The report gives detailed data from a survey of 31 higher education libraries about trends I their use of interlibrary loan, including but not limited to: growth in interlibrary loan services, mean turnaround time for various materials, use of technology, budgets, staffing, for fee revenues, shipping costs, impact of digital repositories, means of materials transfer, methods of promoting the ILL service and much more.  The report also covers materials contract provisions for ILL, use of eBooks in ILL, and other issues of interest to administrators of ILL programs in academic and research libraries.

Just a few of the findings from this 145+ page report include:

•    Thirty-two per cent of libraries sampled had performed a user survey of their ILL services in the past four years.
•    The mean turnaround time for article provision requests was 1.79 days for research universities in the sample.
•    The mean turnaround time for video lending requests was 4.18 days.
•    Twenty-three per cent of libraries assigned ILL to the circulation department. This was most common at four-year colleges and MA/PhD granting colleges.
•    Articles from institutional digital repositories accounted for 5.69% of the articles provided through interlibrary loan.

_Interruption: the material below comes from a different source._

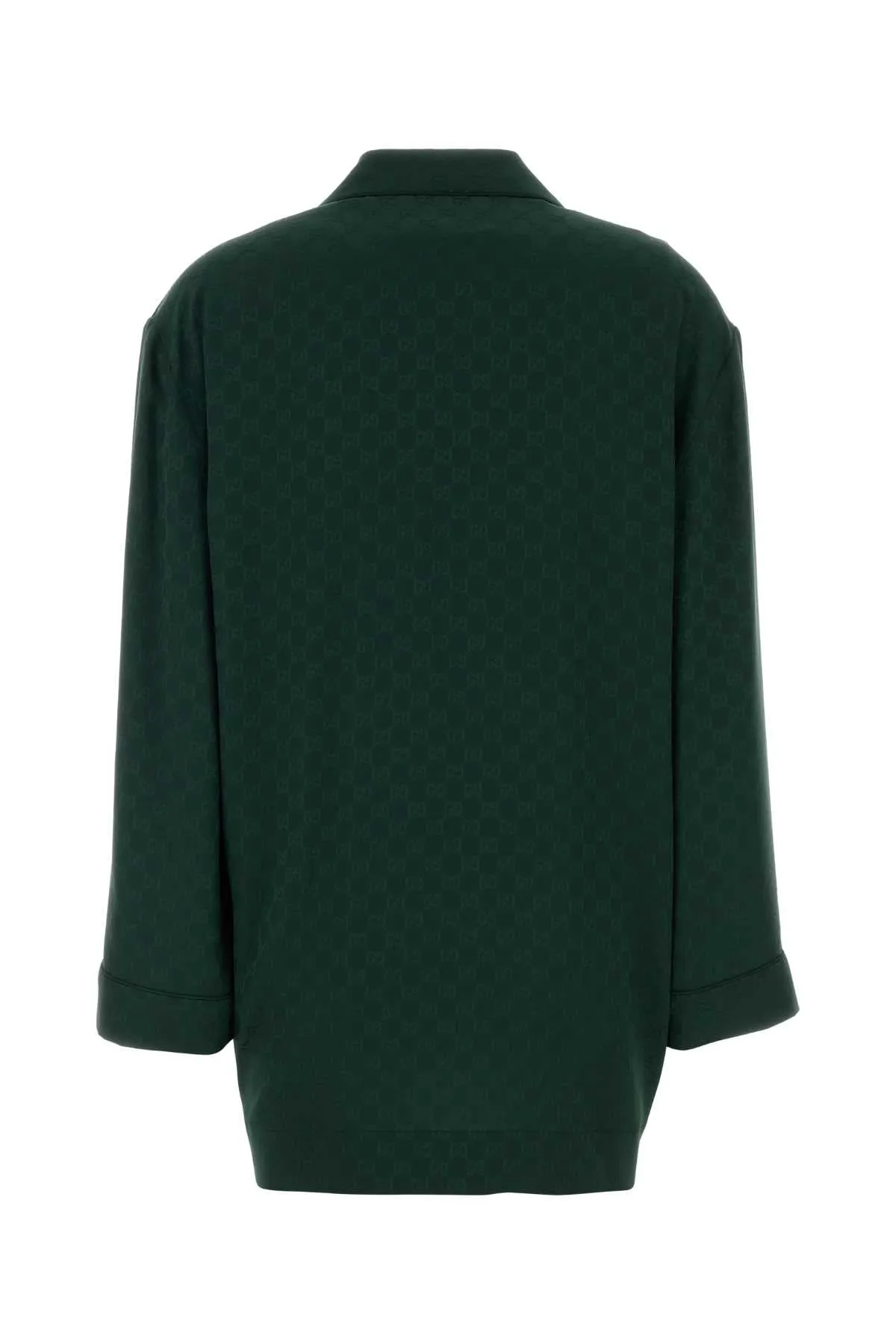 BOTTLE GREEN GG SILK SHIRT sold by Lord & Taylor product image thumbnail 2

•    Libraries reported that a mean of 2.45 course pages contained links to ILL services. The maximum was 25% and the minimum was zero.
•    In 2014-15 the percentage of ILL requests for books fulfilled through eBooks was 3.25% with a range of 1% to 5% for those libraries that tracked this data.   This rose to 4.5% in 2015-16 and is expected to rise to 5.43% in 2016-17.